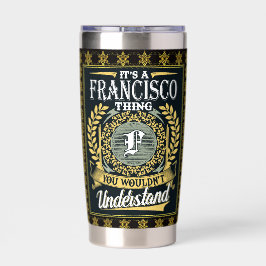 Das ist ein Francisco-Ding, das man nicht verstehe Thermobecher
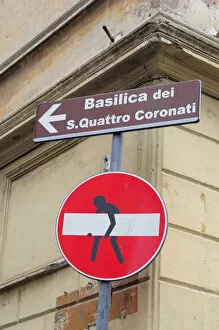 Italy, Lazio, Rome, No Entry Road sign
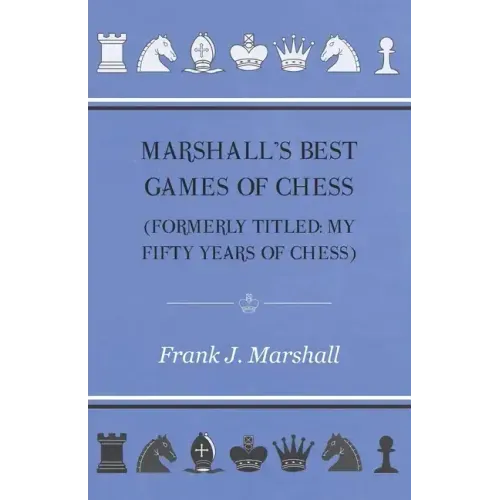 Marshall's Best Games of Chess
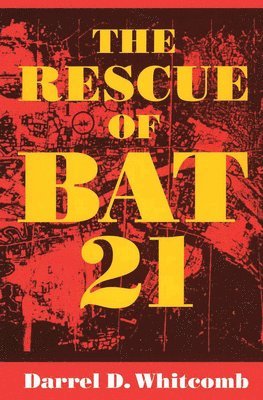 bokomslag The Rescue of Bat 21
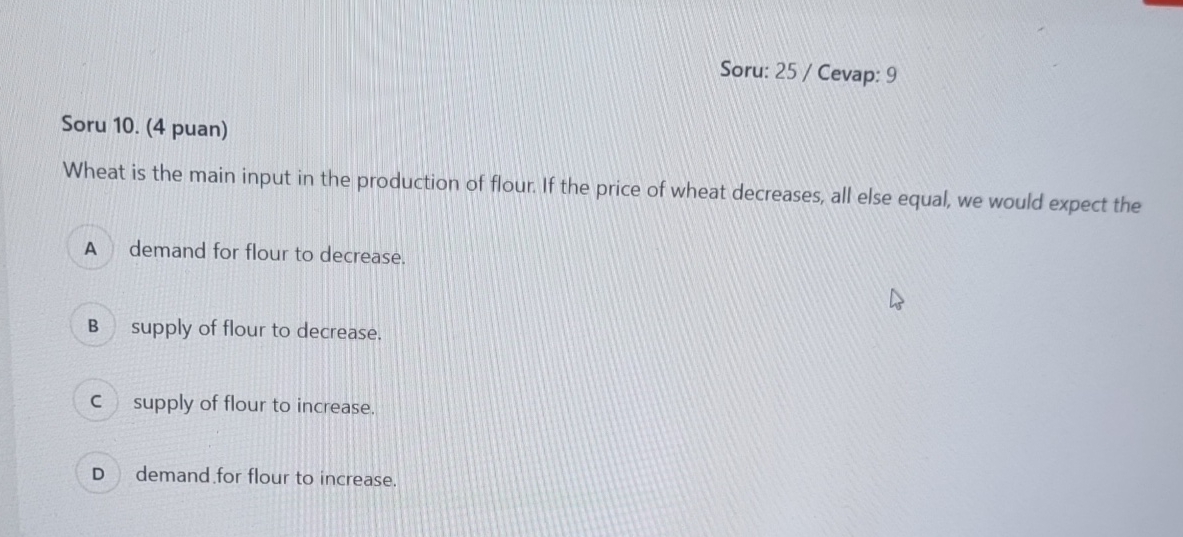 Soru: 2 5 / Cevap: 9 Soru 1 0 . ( 4 puan ) Wheat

■ ■ ■ ■ ■

_TASK DESCRIPTION:_
Output the records above exactly; leave out the pictures.

_RESULT OF THIS EXERCISE:_
 Das ist ein Francisco-Ding, das man nicht verstehe Thermobecher
 Italy, Lazio, Rome, No Entry Road sign
 Marshall's Best Games of Chess
 bokomslag The Rescue of Bat 21
 Soru: 2 5 / Cevap: 9 Soru 1 0 . ( 4 puan ) Wheat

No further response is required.